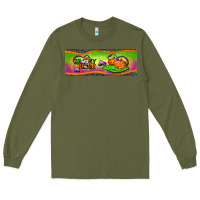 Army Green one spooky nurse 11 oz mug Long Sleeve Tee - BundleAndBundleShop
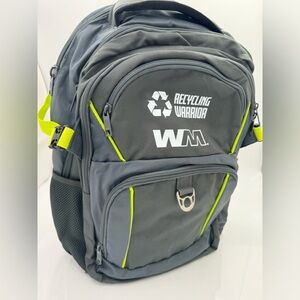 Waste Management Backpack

==

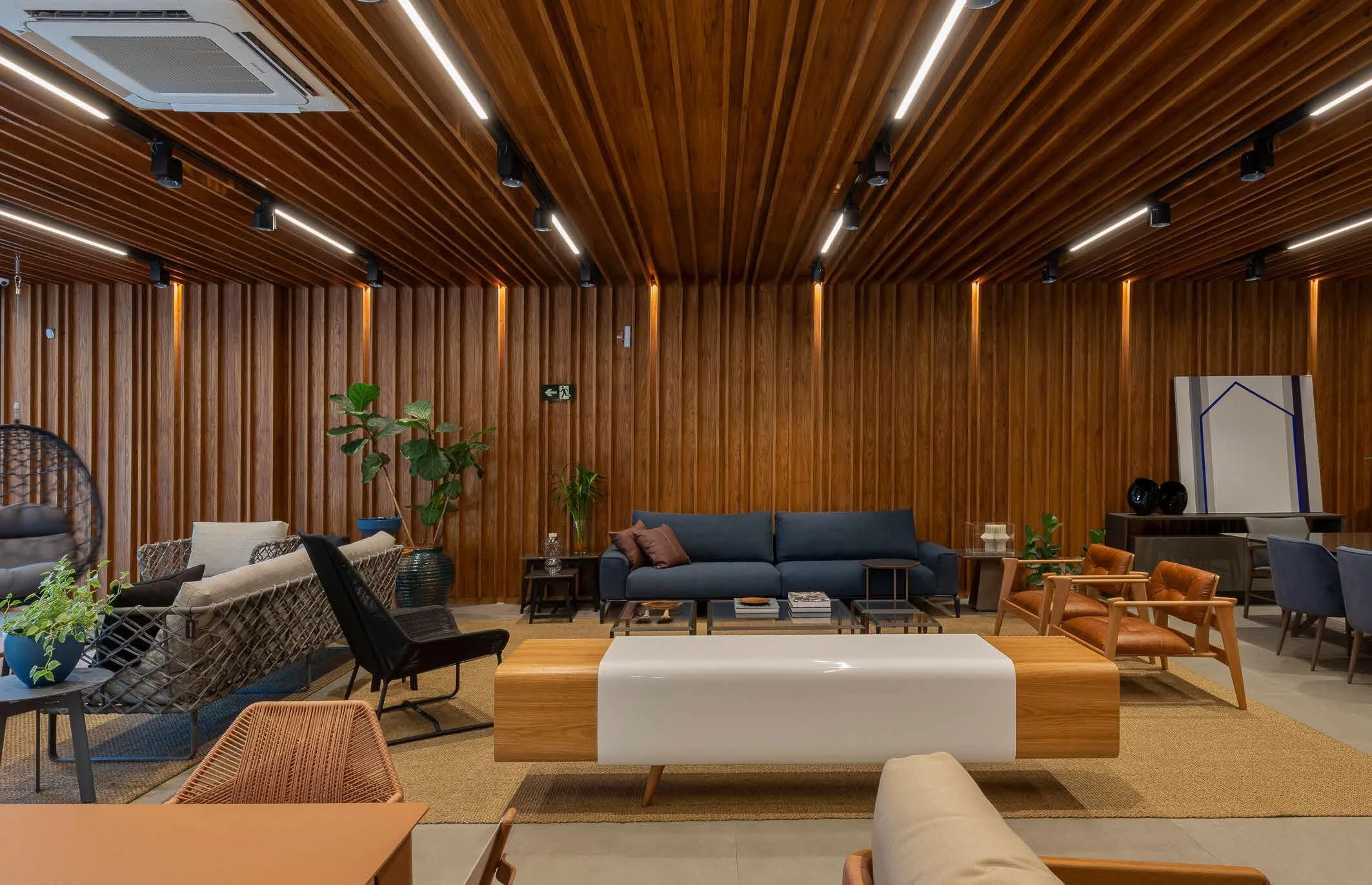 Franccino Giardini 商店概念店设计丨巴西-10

• _Problem description_: The answer should consist only of the lines above from the one with "Army Green one" through the one with "Waste Management Backpack", repeated exactly, with no pictures among them.

• _Answer area_:
 Army Green one spooky nurse 11 oz mug Long Sleeve Tee - BundleAndBundleShop
 Waste Management Backpack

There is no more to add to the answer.